◆ The task ◆
Among the lines below, the one containing "I want you to" opens the range and the one containing "Hi there, this" closes it. Print that range exactly, without the pictures.

◆ Data for this exercise ◆
+++

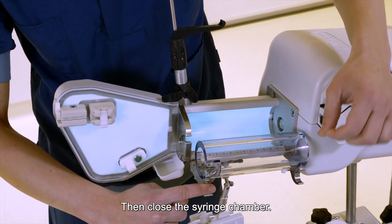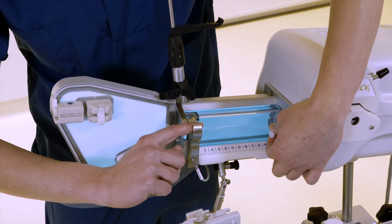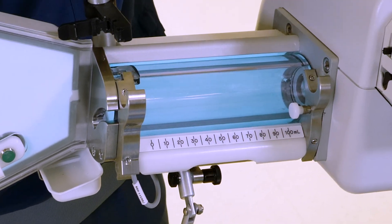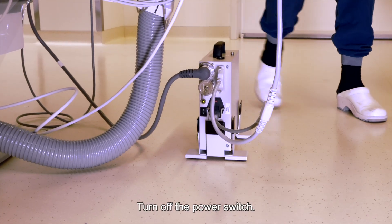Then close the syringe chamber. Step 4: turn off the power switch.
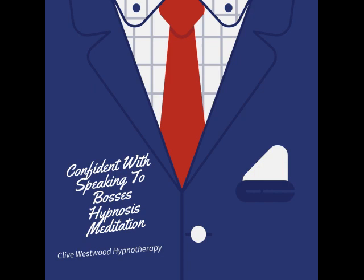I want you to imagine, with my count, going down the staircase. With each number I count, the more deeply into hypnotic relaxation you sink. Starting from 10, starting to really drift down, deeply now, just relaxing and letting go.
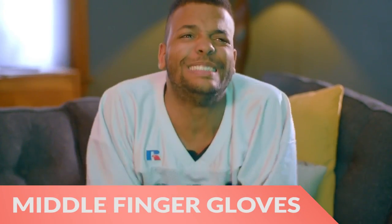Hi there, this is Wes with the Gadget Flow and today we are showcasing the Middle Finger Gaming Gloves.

+++

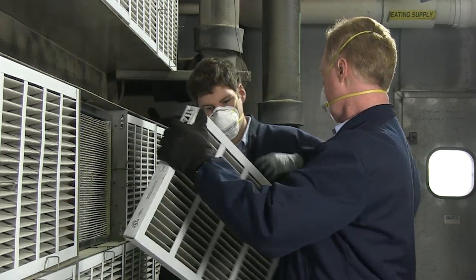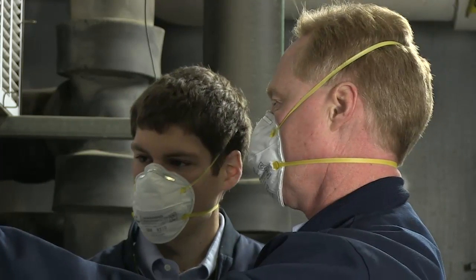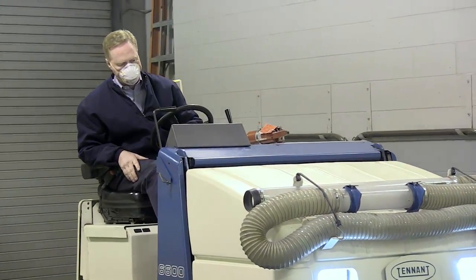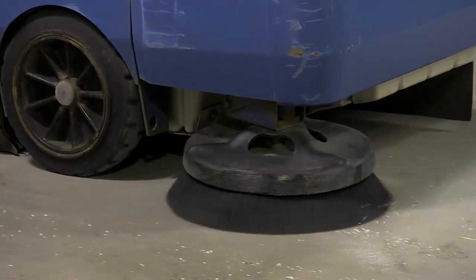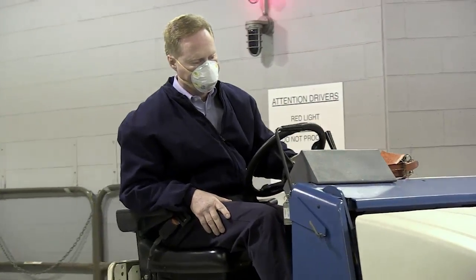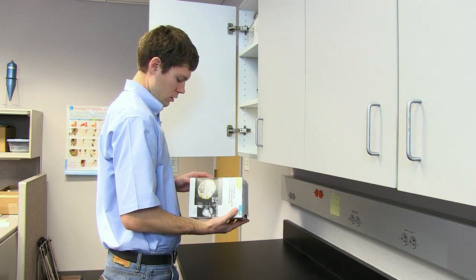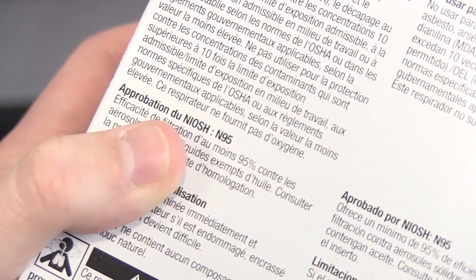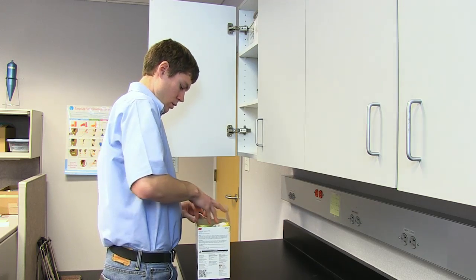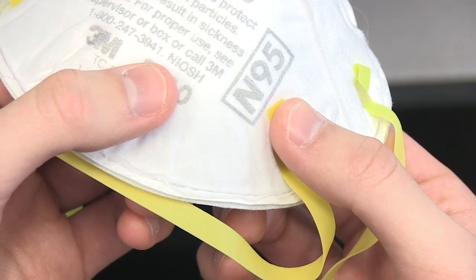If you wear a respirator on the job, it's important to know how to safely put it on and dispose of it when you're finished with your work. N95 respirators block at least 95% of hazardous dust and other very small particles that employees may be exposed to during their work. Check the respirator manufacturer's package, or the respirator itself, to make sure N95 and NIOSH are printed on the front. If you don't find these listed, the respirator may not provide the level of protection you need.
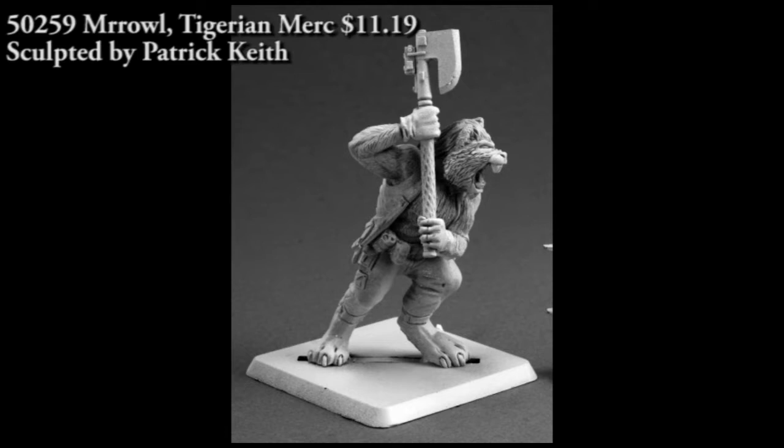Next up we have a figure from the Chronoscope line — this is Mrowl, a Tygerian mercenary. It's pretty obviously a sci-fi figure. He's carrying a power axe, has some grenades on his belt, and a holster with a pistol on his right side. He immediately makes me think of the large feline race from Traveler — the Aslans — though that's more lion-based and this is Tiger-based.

+++

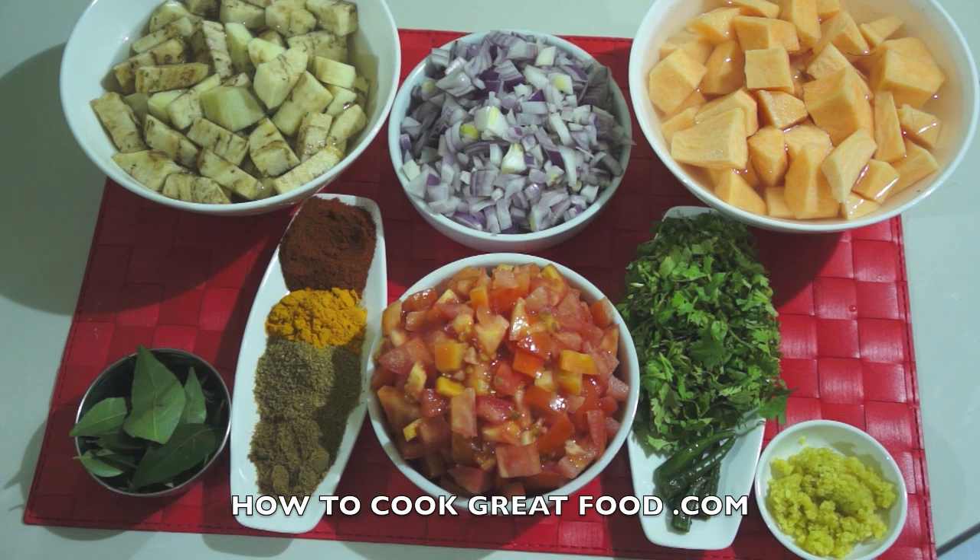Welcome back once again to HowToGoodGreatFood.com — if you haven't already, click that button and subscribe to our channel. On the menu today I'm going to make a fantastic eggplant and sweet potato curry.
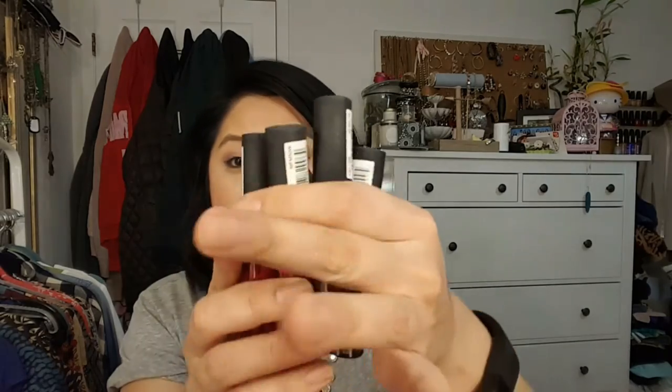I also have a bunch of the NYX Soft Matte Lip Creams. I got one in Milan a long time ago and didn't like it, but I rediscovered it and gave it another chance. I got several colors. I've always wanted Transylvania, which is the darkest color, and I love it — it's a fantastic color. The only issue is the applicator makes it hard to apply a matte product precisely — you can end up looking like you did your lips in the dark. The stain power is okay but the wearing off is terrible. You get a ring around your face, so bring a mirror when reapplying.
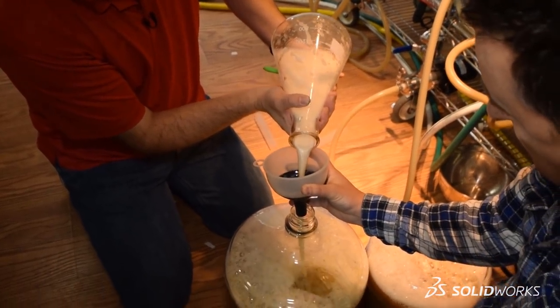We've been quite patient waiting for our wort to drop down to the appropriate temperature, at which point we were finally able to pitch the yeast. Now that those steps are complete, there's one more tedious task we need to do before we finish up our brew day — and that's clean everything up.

+++

◆ Task answer ◆
I want you to imagine, with my count, going down the staircase. With each number I count, the more deeply into hypnotic relaxation you sink. Starting from 10, starting to really drift down, deeply now, just relaxing and letting go.
Hi there, this is Wes with the Gadget Flow and today we are showcasing the Middle Finger Gaming Gloves.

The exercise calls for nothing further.